We are actually perfectly poised to do something about it, if we don’t turn away; if we choose to engage what is happening instead.

We each have a part to play in how this shift from fear to acceptance happens. It won’t happen overnight, and it likely won’t be enough, in enough time, to systematically influence our current situation. But the more of us who are willing to really take a look at and explore our individual relationship with impermanence—our fear of death and lack of control, our willingness to find some modicum of comfort in the discomfort of the unknown—the more we can ensure this larger shift will indeed take place.

So, maybe the more pressing question to consider is, How do we start?

In her book, The Art of Dying Well, author Katy Butler invites us in this way:

“Have a vision and work back from there. What does a ‘high quality of life’ mean to you now? What steps do you need to take to start living it today?”

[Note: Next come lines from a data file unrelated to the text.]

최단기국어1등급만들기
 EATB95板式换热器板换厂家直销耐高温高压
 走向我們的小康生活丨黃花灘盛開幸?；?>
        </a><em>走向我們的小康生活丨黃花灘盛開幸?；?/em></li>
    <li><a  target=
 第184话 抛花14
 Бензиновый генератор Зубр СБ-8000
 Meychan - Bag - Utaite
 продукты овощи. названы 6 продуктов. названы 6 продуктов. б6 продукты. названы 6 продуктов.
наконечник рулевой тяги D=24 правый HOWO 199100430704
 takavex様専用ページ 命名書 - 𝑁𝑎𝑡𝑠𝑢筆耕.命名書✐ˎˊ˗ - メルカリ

Yes! Let’s start with the ending.

In a way, the hardest part of this process of inner inquiry is being done for us in this very moment. As we are in the midst of one of the largest collective upheavals most of us have been alive to experience, it seems we’ve got a bit of a head start in the change-making department! If we each make use of this tenuous COVID-19 climate to play with our vision for the ending we most want to have, and share it with those we love, we can work back from there as we consciously choose which aspects of “normal” are worth going back to, and which are not.

Perhaps in doing so, we will create for ourselves an entirely new normal based upon the values and new discoveries we encounter in our exploration, as what is most essential in our lives bubbles up, and what is decidedly non-essential continues to fall away.